:: DATA IN THIS EXERCISE

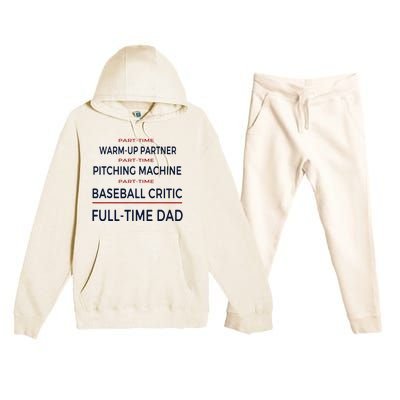 Full Time Baseball Dad Baseball Dad With Balls Ballers Daddy Premium Hooded Sweatsuit Set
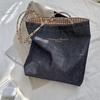 Retro Doublesided Denim Canvas Bag Women's New Korean Versatile Commuter Largecapacity Shoulder Cloth Bag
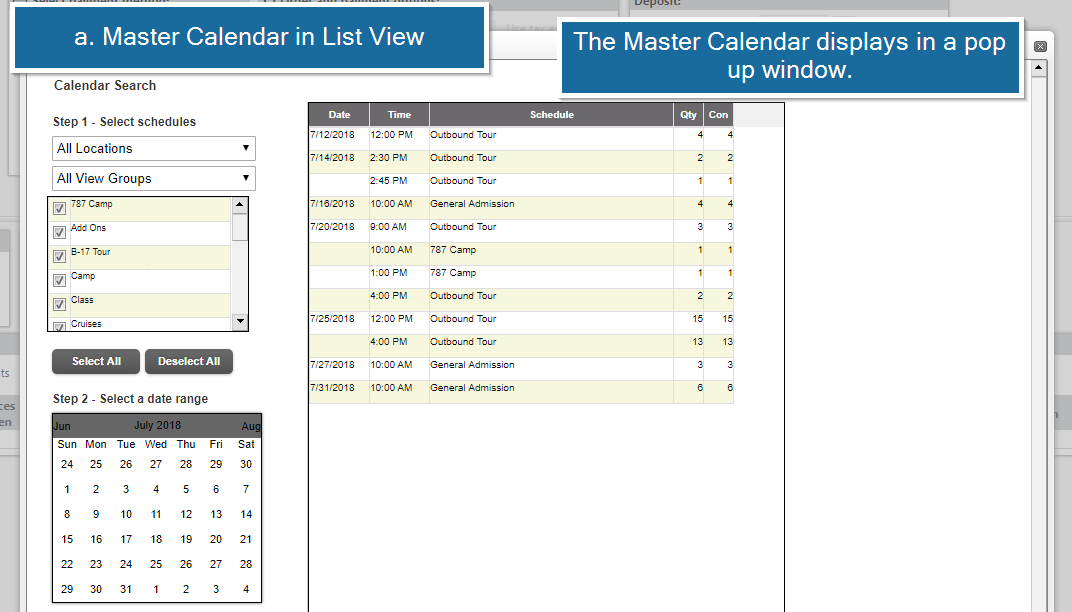 Outbound How to View the Master Calendar in the ERC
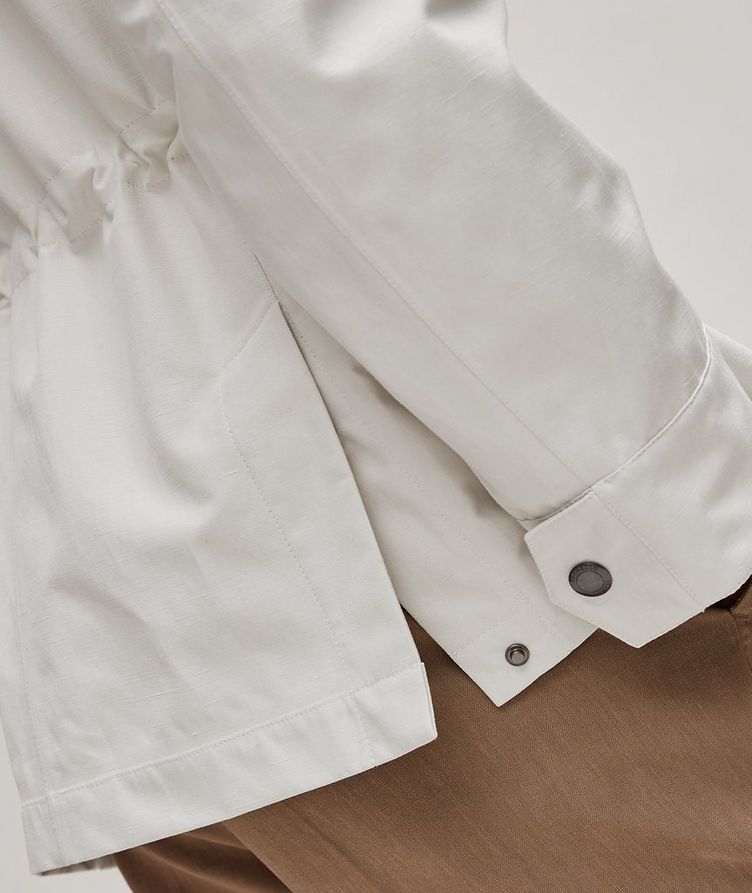 Linen-Silk Blend Taped Seams Field Jacket image 3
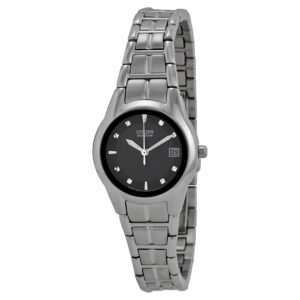 Citizen Eco Drive Black Dial Stainless Steel Ladies Watch EW1410-50E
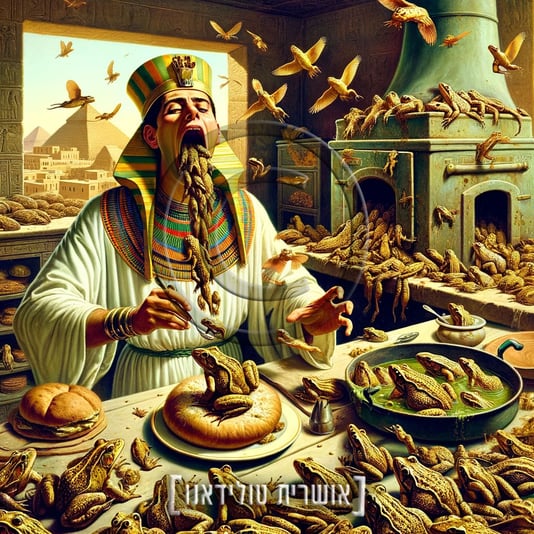 DALL·E-2024-03-17-02.27.19---In-ancient-Egypt-during-the-time-of-the-Pharaohs,-a-mealtime-scene-unfolds-amidst-the-Plague-of-Frogs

::::

→ REQUIRED ACTION:
Take the line containing "Linen-Silk Blend Taped" as the first line and the last line of the data above as the final one, and output exactly the lines between them, inclusive, with no pictures.

→ EXERCISE OUTPUT:
 Linen-Silk Blend Taped Seams Field Jacket image 3
 Citizen Eco Drive Black Dial Stainless Steel Ladies Watch EW1410-50E
 DALL·E-2024-03-17-02.27.19---In-ancient-Egypt-during-the-time-of-the-Pharaohs,-a-mealtime-scene-unfolds-amidst-the-Plague-of-Frogs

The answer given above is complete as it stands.